Novo rei do Bailundo será encontrado por votação

O Reino do Bailundo está, desde Março de 2021, a viver uma crise sem precedentes, motivada pela destituição do Rei Ekuikui IV, por alegado abuso de poder e violação de algumas normas costumeiras que regem o reinado.

Insolitamente, face ao incidente de Março, três candidatos (João Cawengo Kassanje, Joaquim Calado e Isaac Tchongolola I (primeiro) concorrem para a eleição do Rei Ekuikui VI, que acontece já a 14 de Julho deste ano.

“É um caso insólito a eleição de um Rei”, começa por dizer à reportagem deste jornal o moto-taxista Mateus Bumba, residente do Bailundo, que acompanha com pesar o cenário a que chegou um dos reinos mais importantes da região centro-sul de Angola. À chuva intensa que se regista por esta altura naquelas paragens, a reportagem deste jornal pôs-se a caminho, num percurso de mais ou menos 60 quilómetros, do município do Huambo ao Bailundo, a fim de mergulhar nos meandros da queda de um Rei – para lá do que foi tornado público pela imprensa – que dizia, repetidas vezes, respeitar apenas a Deus, em primeiro lugar, e ao Presidente da República, João Lourenço, em segundo.

Chegados à Ombala, a meio da manhã de Quarta-feira (5), somos recebidos pelo Rei interino, Isaac Francisco Tchongolola que nos transmite, antes mesmo que nos explicássemos, a ideia de que a corte estaria apenas à disposição da imprensa, para possíveis esclarecimentos que se achassem convenientes, depois do pleito eleitoral reitoral, aprazado para 14 de Julho. Ante a insistência e reverência do articulista, o Rei interino, de 37 anos de idade, explicou que foi criada uma Comissão de Gestão Independente, composta por pastores e membros da sociedade civil, encarregue do processo eleitoral para o qual concorrem três candidatos, sendo dois da linhagem de Katyavala e ele próprio, da linha matrilinear de Ekuikui III (Augusto Katchitiopololo), de quem é primeiro neto. “Não temos mais nada para falar.

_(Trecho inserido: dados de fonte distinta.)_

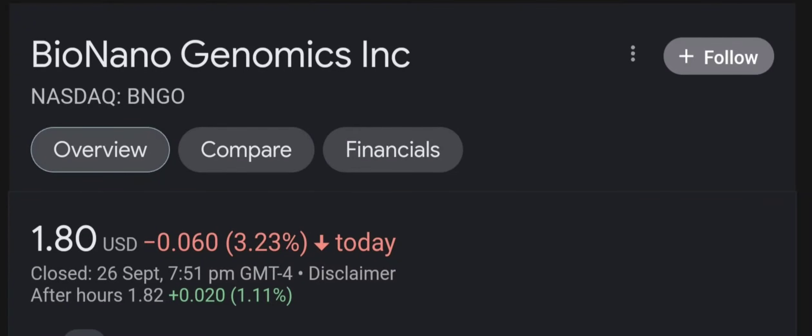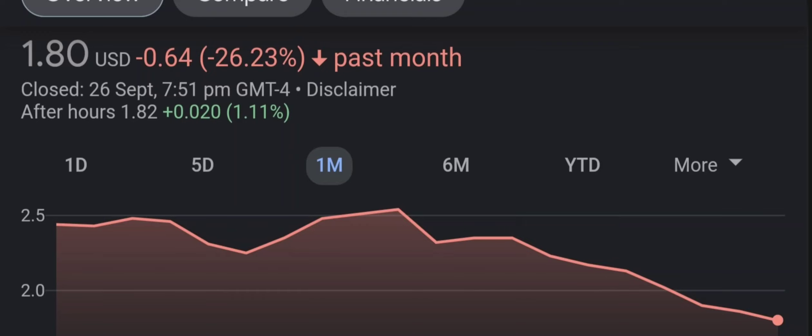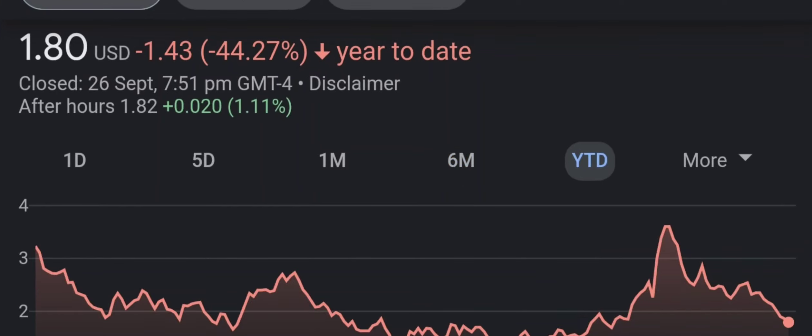Hello guys, welcome back to our YouTube channel. In this video I'm going to do an update stock analysis on Bio Nano Genomics. Have I changed my sell recommendation from last year on this penny stock? I'm going to go over a summary of the company, its product offerings, recent headline news, financial analysis and projections, and give my buy, hold, or sell recommendation for both short-term and long-term growth investors.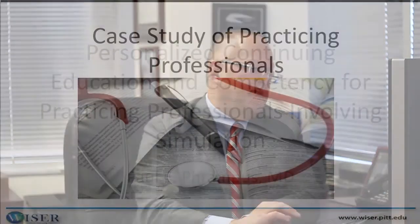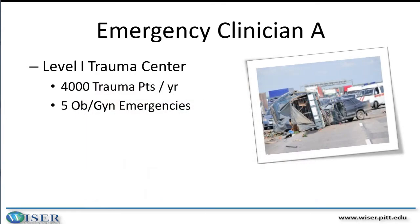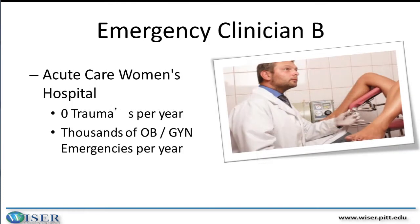Let's take a look. I'm going to start with a case study of practicing professionals — a hypothetical case of two emergency physicians working in the same health system. Emergency Physician A works in a tertiary care hospital that's a level one trauma center. They see thousands of trauma patients every year, but because they're co-located two blocks away from a women's hospital, they see virtually no obstetrics and gynecology patients.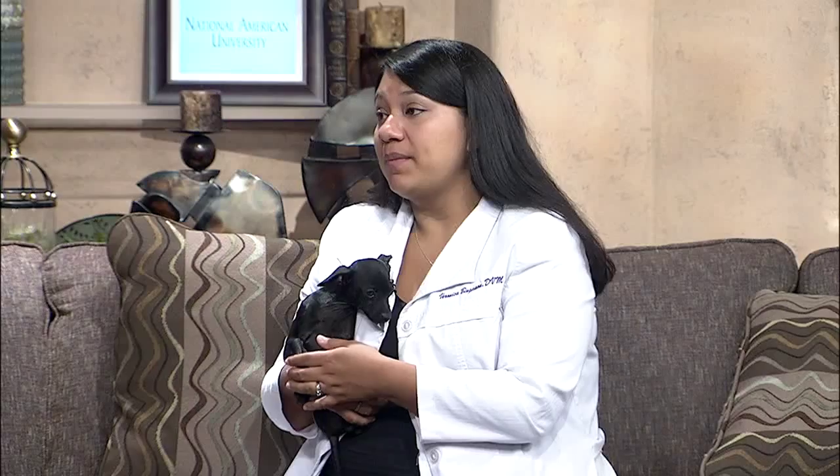Once we find these symptoms and bring them to you, how is Parvo treated? Older dogs can get it, but younger dogs and puppies are more susceptible. It's a minimum of two to three days of hospitalization, IV fluids, and antibiotics. And since it's a virus, there's no cure for it — we just have to support their symptoms until they get through it.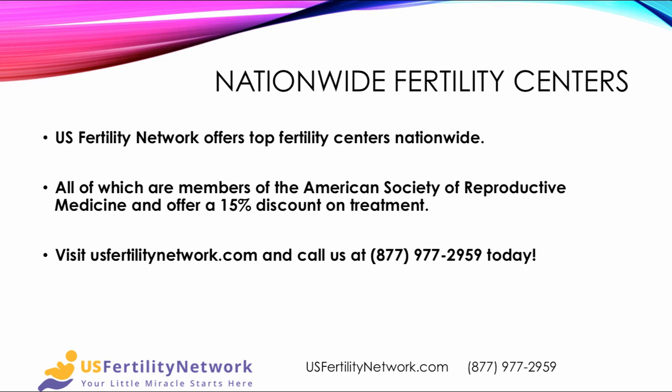The U.S. Fertility Network offers top fertility centers nationwide, all of which are members of the American Society of Reproductive Medicine, and offer a 15% discount on treatment when patients go through the network. Visit us at usfertilitynetwork.com or call us at 877-977-2959. Your little miracle starts here.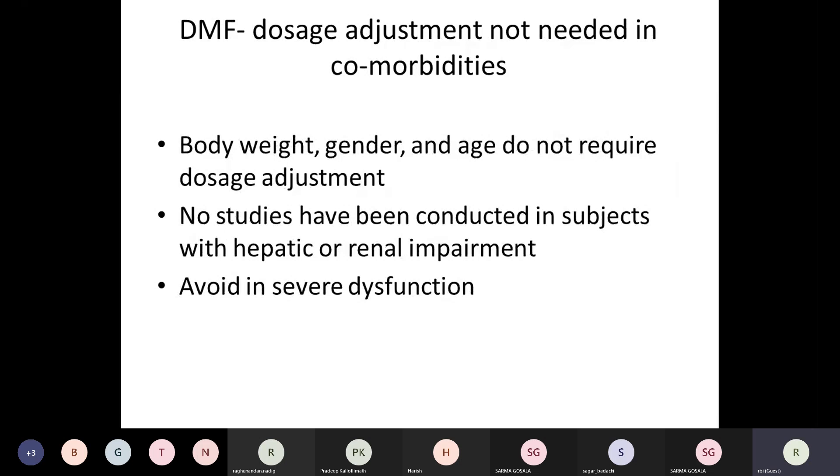The dosage is 120 mg twice daily for the first week, then increased to 240 mg. There is no need for adjustment based on body weight, gender, or age, as metabolism goes through the body's natural cycles and the lungs. No studies have been conducted in subjects with hepatic or renal impairment, but it is better to avoid DMF in patients with quite severe liver or kidney dysfunction.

O resto, só mesmo depois da eleição”, sugeriu, amavelmente, o nosso anfitrião. Na Ombala, a vida segue normalmente, em a meio a uma crise sem precedentes. Algumas senhoras, maioritariamente esposas de sobas membros da corte, paravam a sua actividade agrícola para ver a equipa de reportagem, mas escusavam fazer qualquer pronunciamento sobre o incidente, temendo represálias até porque, na Ombala, segundo informações, há uma orientação expressa de que ninguém deve prestar informação a pessoas estranhas. E, por aquelas paragens, a palavra do mais-velho é “lei”, quanto mais não seja de sobas ligados à corte. Inocentes como são, algumas crianças, muitas das quais descalças, saltitam de um lado para o outro, depositando a sorte nos adultos a quem cabe definir o futuro da Ombala. Em língua nacional umbundu, a dominante na região, saudávamo-la a elas e a outros sobas que nos circundaram assim que nos viram confabular com o rei interino Isaac I (primeiro).

Sobas a caminho do trono em campanha sui generis

É um facto inédito, diz-se. Pela primeira vez na história do Reino do Bailundo, o voto é a opção encontrada pela corte para escolher o sucessor de Armindo Francisco Kalupeteka. Isaac Tchongolola I (lista nº1), João Cawengo Kassanje (nº2) e Joaquim Calado (nº3) um destes sobas tem a missão de conquistar a simpatia de uma corte composta por 618 sobas. Segundo fontes locais, por se tratar de um processo, o qual chamam de inédito, torna-se difícil vaticinar o quórum de que alguém precise para ser consagrado rei, tão-pouco as regras sobre a natureza da campanha eleitoral, sendo certo que quem estiver em vantagem numérica, obviamente, vai assumir, a partir de 14 de Maio, os destinos da Ombala e, por conseguinte, do reinado.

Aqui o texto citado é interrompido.